Back-to-back yellow jerseys at the Tour de France only confirmed that it’s going to take a lot more than Alpe d’Huez or the Col du Tourmalet to slow down the  23-year-old Slovenian protege.

On Wednesday, at the high-speed rally race otherwise known as Dwars door Vlaanderen, Pogačar seemed to hit a series of speed bumps in Belgium’s lumpy bergs that he could not master with pure brawn and willpower.

Yes, his UAE Team Emirates jersey was in the familiar position of all alone in the shot, but this time, he was the one chasing the wheels, not riding everyone off of his.

“To win Sunday? I don’t know,” Pogačar said at the line about the Tour of Flanders. “I wasn’t at the front today, so I don’t know if I can be on the front on Sunday.”

The fact that the two-time Tour de France champion didn’t win Wednesday’s Dwars door Vlaanderen wasn’t a surprise.
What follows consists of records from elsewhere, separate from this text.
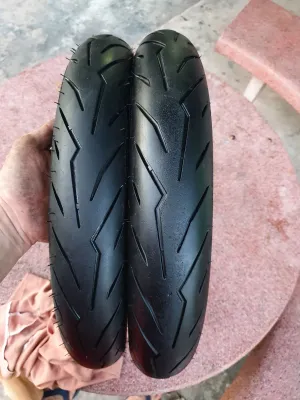 Lốp Pirelli rosso sport . 80/90-14 90/80-14 100/80-14. gắn các loại xe tay ga. gai sấm sét cực đẹp.củ tháo xe
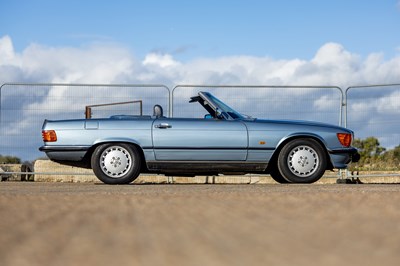 Lot 1987 Mercedes-Benz 300 SL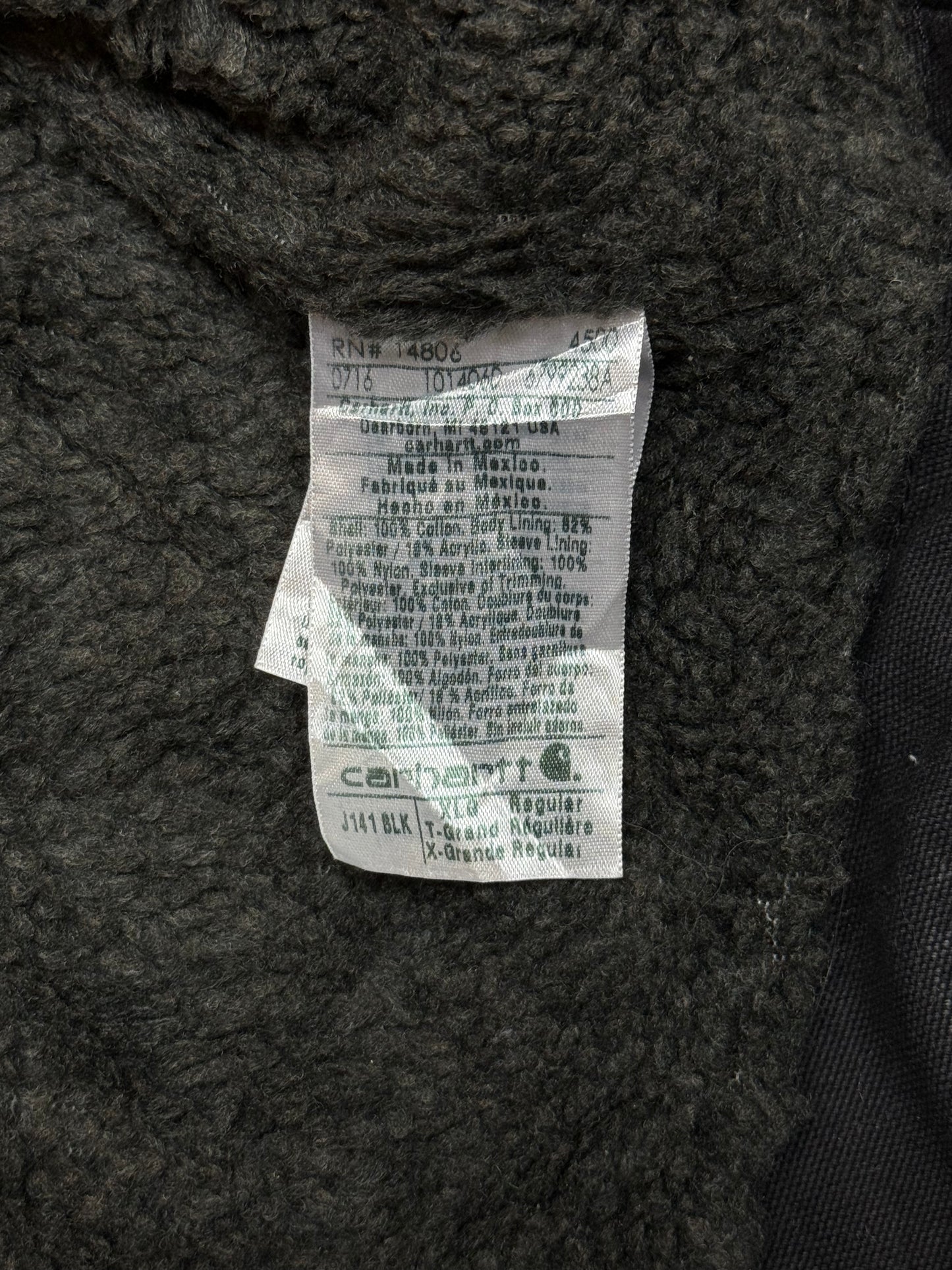 1990s Carhartt J141-BLK Mens Black Sherpa Lined Work Hooded Active Jacket (size XL Regular) Made in Mexico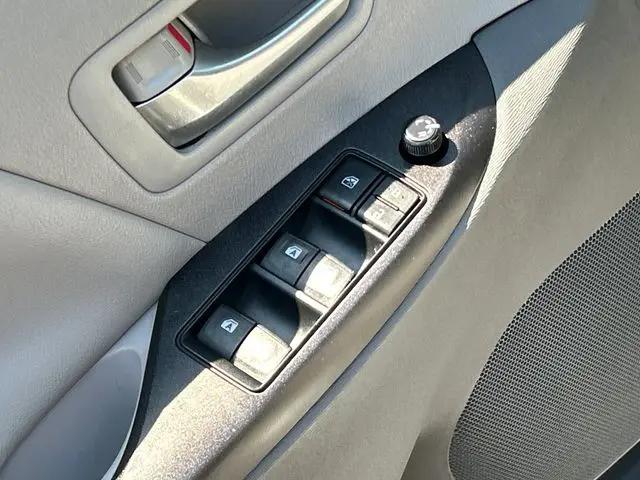 2015 Toyota Sienna LE 7 Passenger
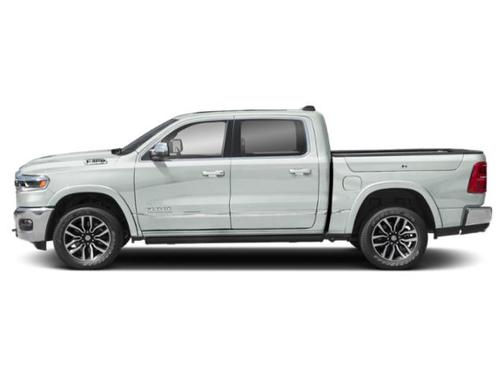 Ivory White Tri-Coat Pearlcoat 2026 RAM 1500 Longhorn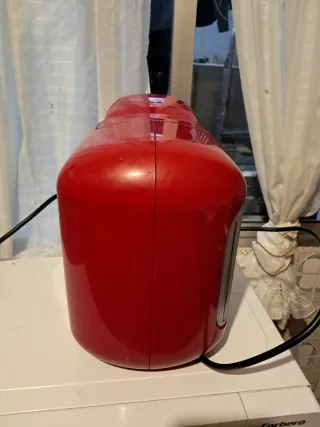 Cafetera Bosch Tassimo Roja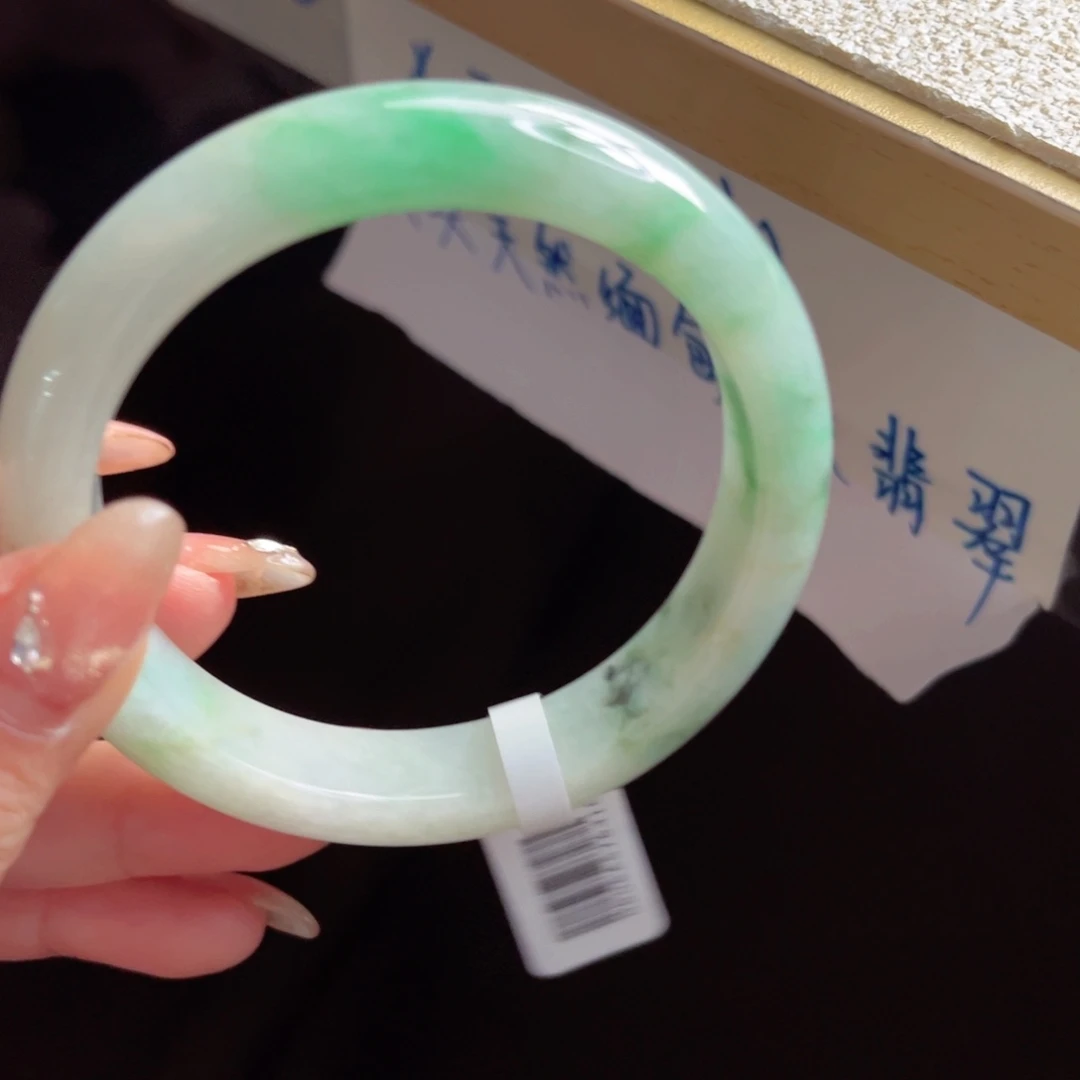 翡翠未镶嵌手镯手镯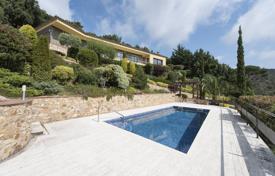 Элитная вилла с бассейном, садом и террасой, с видом на море и горы, Кастель-Пладжа‑де-Аро, Испания за 840 000 €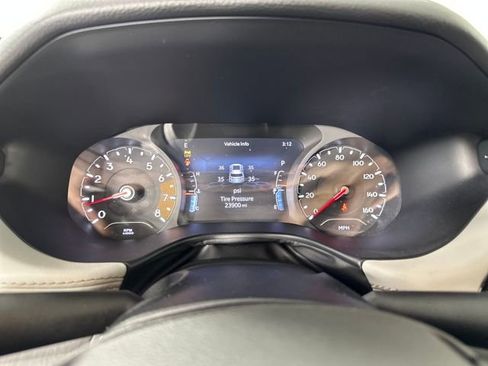 Used 2022 Jeep Compass Limited image 17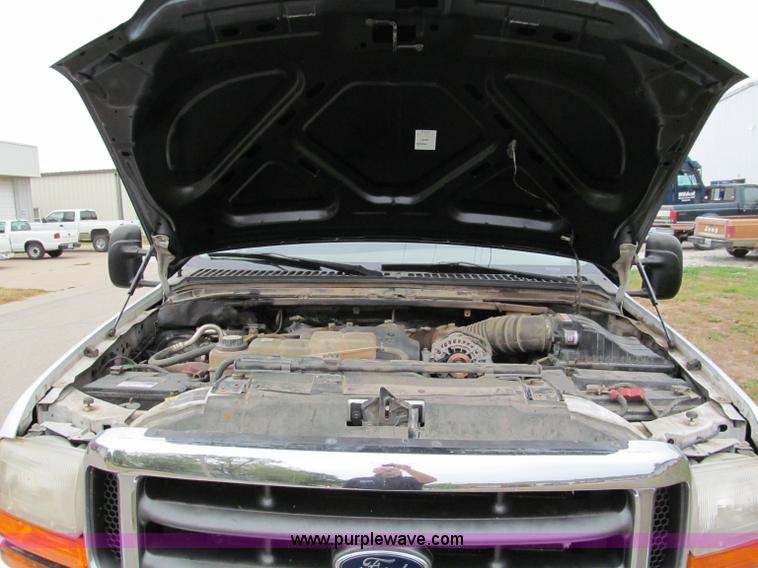 image for item E2006 2002 Ford F550 XLT Super Duty crew cab pickup truck cab and chassis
After all, the 23-year-old hasn’t raced on these Belgian roads since his U23 days. He’s racing here and again Sunday in part to get a taste of bashing the cobbles at race speed ahead of their return in the Tour de France later this summer.

What was a surprise is that he missed the winning move and later could not bridge across despite two valiant efforts to close the gap to Mathieu van der Poel, Tom Pidcock, and the front group.

For a rider who is nearly unbeatable these days, Pogačar almost looked — dare we say — like a mere mortal.

Pogačar is so good and so prolific, the click-bait headline these days is when he doesn’t bend the peloton to his will.

So what happened? Had Pogačar finally met his tactical match? Or was it a rare moment of being in the wrong place at the wrong time?

“There was a crash and I stayed behind and I missed that front group. I tried to come back but they were too strong and too fast in the front,” Pogačar said at the line. “Then we tried again and again, and in the end, it was a good race. It’s racing. I couldn’t lose some positions in that crash and I should have moved more to the front. On the climb, I was full-gas and I couldn’t.”

A few were clucking that Pogačar had overreached by trying to take on the narrow and lumpy Belgian roads of the northern classics. It’s Belgian brawlers like Wout van Aert and Greg Van Avermaet who thrive here, not skinny GC stars.

Sure, it’s one thing to blow everyone away when the road tilts up to the heavens for miles on end, it’s quite something else to turn on the watts in a drag race in the trenches across the cobblestones and bergs.

Van der Poel wasn’t so convinced. Even if Pogačar suffered a rare misfire Wednesday, the Dutch superstar knows Pogačar will be a factor in his Flanders debut Sunday.

“I didn’t know what was happening with Pogačar, but it was impossible to come back to our group. We were seven or eight really strong riders. I immediately knew the race was done there,” van der Poel said.

When it crackled on race radio that Pogačar was trying to bridge across, the riders at the front only stepped on the gas. Everyone knew their chances to win would greatly be enhanced if Pogačar wasn’t there.

“For sure he had the legs to follow, maybe he was a bit too far behind,” van der Poel said. “It was impossible to come back because were pacing all fast in the group and everyone took their role. It was impossible to catch us. I don’t know what went wrong if it was placing or what happened, but for sure, if he is in the front, he is on our group.”

By racing this week, the Slovenian is doing something no modern grand tour champion has done in decades.

Pogačar is turning back the page by even showing up at these northern classics, and he’s rewriting the tried-and-true GC blueprint on how to approach the Tour de France. It’s not all high-altitude training camps and peaking for July with Pogačar. He races to win every time he shows up.

“I learned a lot. Already in the first hour, there were a lot of attacks for the regional breakaway and I already got the feeling that it’s going to be chaotic until the final, and it was,” Pogačar said. “For sure it’s going to be like that on Sunday even more.”

Even if he missed the winning move, Pogačar also reminded everyone yet again that he races to win every time he toes up to the line. After missing the winning move, he tried a searing solo attack to bridge across. When that didn’t work, he linked up with some other riders in another bridge effort that fell short.

He risked a lot Wednesday, and he will risk even more Sunday. Flanders is the real deal, a race so challenging that it puts everyone in their place.

On Wednesday, a rare tactical hiccup might have cost him the chance for victory. On Sunday, with more than six hours of racing and 272km, there’s no place to hide.

Even on his “bad” day, Pogačar finished 10th on Wednesday. Class still bubbles to the top no matter what.